With phenergan in my system I am starting to cope much better with sea days and on the second day we start to see some wildlife. We spot a Southern Right Whale that briefly appears off the starboard side of the ship, but too briefly for me to capture. We spot a fur seal out at sea and in the afternoon we first catch sight of land when we near Shag Rocks, a couple of rocky outcrops in the middle of the ocean. We also start seeing the odd gentoo penguin, porpoising through the water. Penguins may not be able to fly, but they make a fine attempt at it when in the water!
When we wake in the morning, we see the coastline of South Georgia, which is spectacular with its mountain ranges and glaciers dipping down into the ocean. The clouds still cover most of the peaks, but occasionally swirl away to reveal some spectacular mountains.
Our first port of call on South Georgia is Fortuna Bay, which is home to a king penguin rookery, promising a fun morning. We land with zodiacs in the midst of elephant seal pups, called weaners, and Antarctic fur seals, who can be quite aggressive towards us intruders. This is our first experience dealing with them and we have been duly warned by the expedition staff to be very careful around them.

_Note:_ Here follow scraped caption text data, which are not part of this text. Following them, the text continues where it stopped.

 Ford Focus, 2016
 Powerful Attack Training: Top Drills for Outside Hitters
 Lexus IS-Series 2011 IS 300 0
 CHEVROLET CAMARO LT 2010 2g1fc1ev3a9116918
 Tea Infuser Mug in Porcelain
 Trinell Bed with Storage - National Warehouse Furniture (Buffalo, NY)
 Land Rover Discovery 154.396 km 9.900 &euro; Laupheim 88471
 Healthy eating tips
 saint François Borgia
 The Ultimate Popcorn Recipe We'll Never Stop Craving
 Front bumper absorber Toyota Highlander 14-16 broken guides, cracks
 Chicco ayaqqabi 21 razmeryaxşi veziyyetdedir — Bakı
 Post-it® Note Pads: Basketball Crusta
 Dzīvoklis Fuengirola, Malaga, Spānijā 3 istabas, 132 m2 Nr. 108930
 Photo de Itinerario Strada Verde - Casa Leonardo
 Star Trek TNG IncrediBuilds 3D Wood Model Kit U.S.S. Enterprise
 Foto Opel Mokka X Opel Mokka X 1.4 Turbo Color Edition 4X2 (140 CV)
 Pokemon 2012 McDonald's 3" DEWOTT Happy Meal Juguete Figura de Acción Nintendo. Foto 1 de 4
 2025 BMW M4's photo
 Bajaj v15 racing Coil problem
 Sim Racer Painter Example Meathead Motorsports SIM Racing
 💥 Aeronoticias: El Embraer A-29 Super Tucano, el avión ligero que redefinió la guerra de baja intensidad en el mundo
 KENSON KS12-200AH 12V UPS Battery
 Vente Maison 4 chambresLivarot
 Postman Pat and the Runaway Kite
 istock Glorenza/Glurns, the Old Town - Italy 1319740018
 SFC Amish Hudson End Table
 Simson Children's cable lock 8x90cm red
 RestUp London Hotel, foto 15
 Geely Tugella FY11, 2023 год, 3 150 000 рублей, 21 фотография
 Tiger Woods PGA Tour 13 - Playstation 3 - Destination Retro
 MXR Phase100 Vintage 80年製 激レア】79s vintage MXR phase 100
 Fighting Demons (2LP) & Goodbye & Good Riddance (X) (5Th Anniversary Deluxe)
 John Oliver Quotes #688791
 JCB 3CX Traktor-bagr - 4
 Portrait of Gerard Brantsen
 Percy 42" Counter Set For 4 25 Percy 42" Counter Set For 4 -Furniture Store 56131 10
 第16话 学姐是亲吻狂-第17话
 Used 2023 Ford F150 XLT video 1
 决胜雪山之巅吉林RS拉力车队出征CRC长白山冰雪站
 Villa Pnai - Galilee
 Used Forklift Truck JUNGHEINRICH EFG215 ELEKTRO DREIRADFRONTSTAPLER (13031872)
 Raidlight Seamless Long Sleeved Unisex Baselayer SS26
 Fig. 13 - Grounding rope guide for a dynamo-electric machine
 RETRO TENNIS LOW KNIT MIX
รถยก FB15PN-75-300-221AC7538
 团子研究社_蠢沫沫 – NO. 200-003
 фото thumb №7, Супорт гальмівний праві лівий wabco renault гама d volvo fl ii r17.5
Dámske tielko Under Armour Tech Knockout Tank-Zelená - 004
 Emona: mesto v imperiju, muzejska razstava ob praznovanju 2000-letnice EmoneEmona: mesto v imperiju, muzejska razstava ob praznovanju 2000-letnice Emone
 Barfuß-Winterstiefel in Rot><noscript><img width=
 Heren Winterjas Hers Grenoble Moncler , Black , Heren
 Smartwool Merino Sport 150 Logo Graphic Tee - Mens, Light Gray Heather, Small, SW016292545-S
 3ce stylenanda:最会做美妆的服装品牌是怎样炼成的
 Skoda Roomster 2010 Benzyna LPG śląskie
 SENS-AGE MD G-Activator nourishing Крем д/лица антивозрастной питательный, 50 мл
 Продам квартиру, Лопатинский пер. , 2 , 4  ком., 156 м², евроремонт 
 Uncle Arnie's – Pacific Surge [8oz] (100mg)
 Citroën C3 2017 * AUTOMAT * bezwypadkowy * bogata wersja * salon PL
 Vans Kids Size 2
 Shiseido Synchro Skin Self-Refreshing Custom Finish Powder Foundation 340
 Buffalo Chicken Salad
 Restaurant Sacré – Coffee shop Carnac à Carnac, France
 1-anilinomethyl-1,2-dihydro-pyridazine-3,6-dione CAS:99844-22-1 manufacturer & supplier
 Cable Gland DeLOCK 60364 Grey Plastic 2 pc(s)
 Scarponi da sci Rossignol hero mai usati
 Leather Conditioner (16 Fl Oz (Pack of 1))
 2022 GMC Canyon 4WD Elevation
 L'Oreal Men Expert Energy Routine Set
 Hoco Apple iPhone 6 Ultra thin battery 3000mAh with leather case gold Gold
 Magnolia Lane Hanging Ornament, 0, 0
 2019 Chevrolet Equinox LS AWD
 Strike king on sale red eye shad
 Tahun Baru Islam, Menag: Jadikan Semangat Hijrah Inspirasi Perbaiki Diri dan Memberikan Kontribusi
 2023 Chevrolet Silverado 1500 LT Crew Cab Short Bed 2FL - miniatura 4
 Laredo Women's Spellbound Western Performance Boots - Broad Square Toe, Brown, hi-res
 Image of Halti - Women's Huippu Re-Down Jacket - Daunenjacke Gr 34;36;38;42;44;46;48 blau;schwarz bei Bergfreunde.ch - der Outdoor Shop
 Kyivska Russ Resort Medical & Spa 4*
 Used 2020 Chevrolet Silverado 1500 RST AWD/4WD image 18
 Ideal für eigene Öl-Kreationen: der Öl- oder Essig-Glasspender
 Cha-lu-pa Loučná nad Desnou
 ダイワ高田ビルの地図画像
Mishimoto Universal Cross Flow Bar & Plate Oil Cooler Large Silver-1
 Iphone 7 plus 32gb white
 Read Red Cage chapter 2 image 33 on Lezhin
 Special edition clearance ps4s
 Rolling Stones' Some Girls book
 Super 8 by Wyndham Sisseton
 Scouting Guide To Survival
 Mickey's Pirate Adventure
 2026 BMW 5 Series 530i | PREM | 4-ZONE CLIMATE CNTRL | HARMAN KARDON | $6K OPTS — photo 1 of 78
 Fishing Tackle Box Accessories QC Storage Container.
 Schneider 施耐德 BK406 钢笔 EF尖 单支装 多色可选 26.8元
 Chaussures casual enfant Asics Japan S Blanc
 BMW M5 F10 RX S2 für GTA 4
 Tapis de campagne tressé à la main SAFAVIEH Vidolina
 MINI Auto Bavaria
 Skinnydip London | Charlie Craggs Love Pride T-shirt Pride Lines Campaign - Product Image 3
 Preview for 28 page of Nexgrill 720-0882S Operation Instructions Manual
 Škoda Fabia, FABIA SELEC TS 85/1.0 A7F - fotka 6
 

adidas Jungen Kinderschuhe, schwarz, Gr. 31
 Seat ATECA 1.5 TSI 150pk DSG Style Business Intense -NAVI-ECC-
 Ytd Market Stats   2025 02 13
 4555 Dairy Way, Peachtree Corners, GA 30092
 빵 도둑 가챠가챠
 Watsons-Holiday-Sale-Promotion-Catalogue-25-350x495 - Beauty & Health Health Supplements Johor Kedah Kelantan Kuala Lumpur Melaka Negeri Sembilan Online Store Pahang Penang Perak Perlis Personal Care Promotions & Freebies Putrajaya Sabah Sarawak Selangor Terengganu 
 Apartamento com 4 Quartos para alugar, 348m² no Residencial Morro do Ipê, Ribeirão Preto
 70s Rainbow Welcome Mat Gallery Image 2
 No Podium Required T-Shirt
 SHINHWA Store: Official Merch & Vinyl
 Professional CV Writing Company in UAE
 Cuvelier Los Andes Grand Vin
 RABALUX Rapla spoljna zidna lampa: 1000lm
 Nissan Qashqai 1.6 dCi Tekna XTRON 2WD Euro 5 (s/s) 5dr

From the landing site we walk about a mile to a higher point from where we can look out over the penguin rookery. Our path there is an obstacle course in avoiding getting too close to penguins, not mistaking elephant seals for rocks, and dodging the territorial Antarctic fur seals. Seriously, the elephant seals are so massive that it is often easy to mistake them for a very large boulder, until you get the close and the boulder starts roaring at you, which is usually followed by the person making a quick scramble out of the danger zone, only to land in another one.
When we get to the vantage point above the rookery, we see thousands of penguins, gorgeously glossy adults and brown fluffy chicks who still have to lose their coat. There are also moulting penguins, who look like dishevelled old men with bits of fluff sticking to them in irregular fashion. The image of Roman emperors hard on their luck is hard to shake.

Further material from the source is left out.